# Ride Immediately Ends When Swipe "Begin Trip"?



## MikesUber (Oct 23, 2015)

Hello UberPeople,

So this has happened twice out of 200 rides and really created headaches for myself and the passenger.

My passenger gets in the car, I confirm their name and I go to swipe "Begin Trip". After swiping, the app immediately goes to the Stars screen to rate the passenger indicating the trip has ended. What's going on here?

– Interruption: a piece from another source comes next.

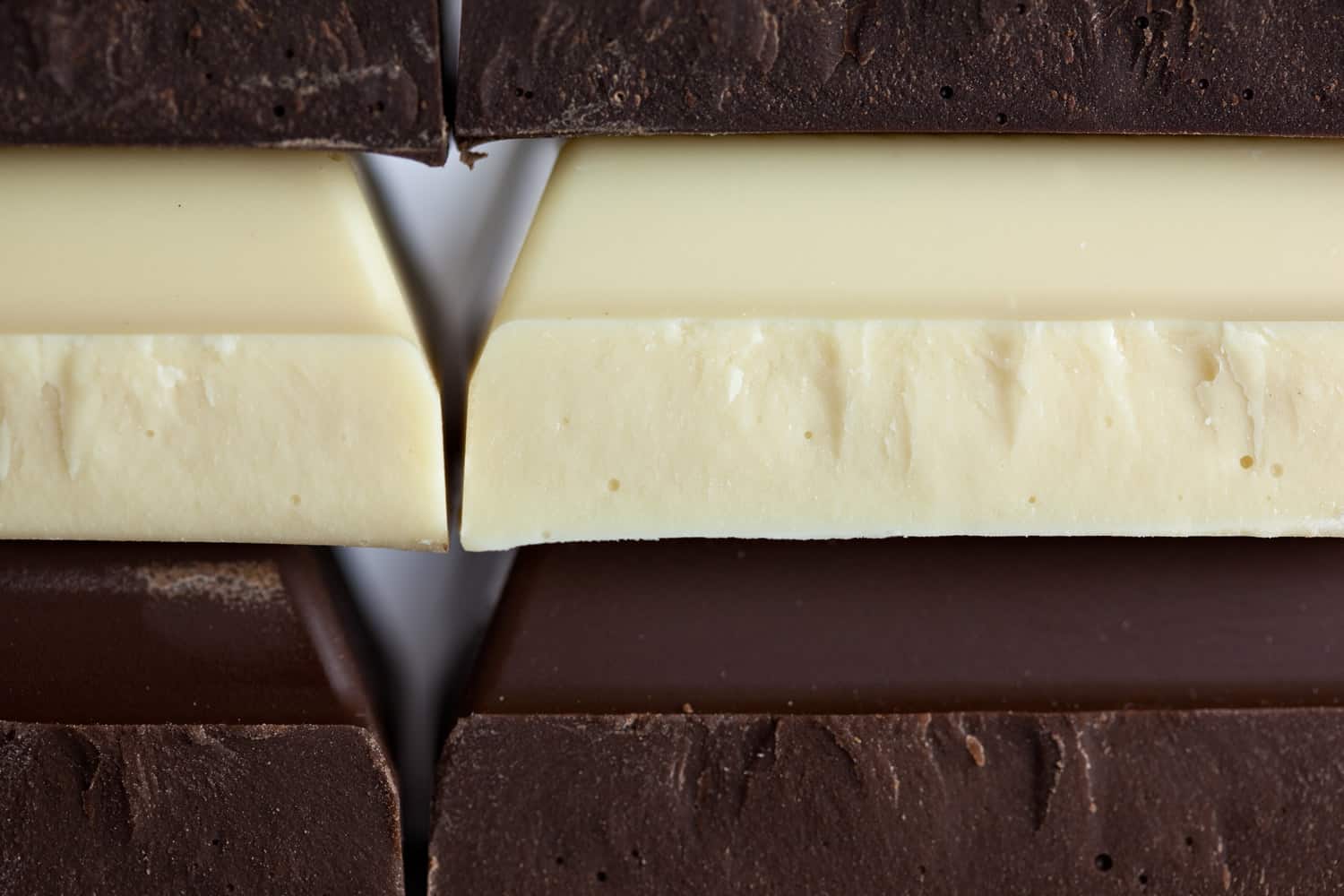 White chocolate bar and dark chocolate bar stacked.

I do not get an option to enter a destination, see no navigation, and see no "End Trip" option. The app just immediately skips to the pax rating screen.

Any help here?


----------



## Qdog915 (May 16, 2015)

Did they enter the same pick up and destination?


----------



## Bart McCoy (Nov 4, 2014)

I had this happened once. I was like i know I didnt start and stop that quick, totally confused me. Only happened once, about a week ago. So what I did was,went ahead and did the trip. I know, not a good idea, not covered by insurance. But all went well I got her to the destination with no issues. Immediately upon drop off I emailed uber about the trip and they adjust it. I dont remember if the pax put in a destination or not. I just wrote down the address where I dropped the pax off at,and remembered where I picked them up at. Entereed those 2 spots in the uber help/complaint section for start/end trip error submission


----------



## Richf28 (Nov 11, 2015)

Yep, had the same problem. Took pax to their location and then notified uber support. They corrected the ride fare and the next day there was an app upgrade. Hasnt happened since


----------



## MikesUber (Oct 23, 2015)

Thanks for the help guys, I refuse to take someone off the app, just how I do things for insurance purposes. I had to 1-star a pax and report him to Uber for continually ignoring my requests to rematch me on the app so we could drive. Both times I eventually got them rematched and we then traveled to their destination. I requested Uber credit the first ride (minimum fare) which they did.

Thanks!


----------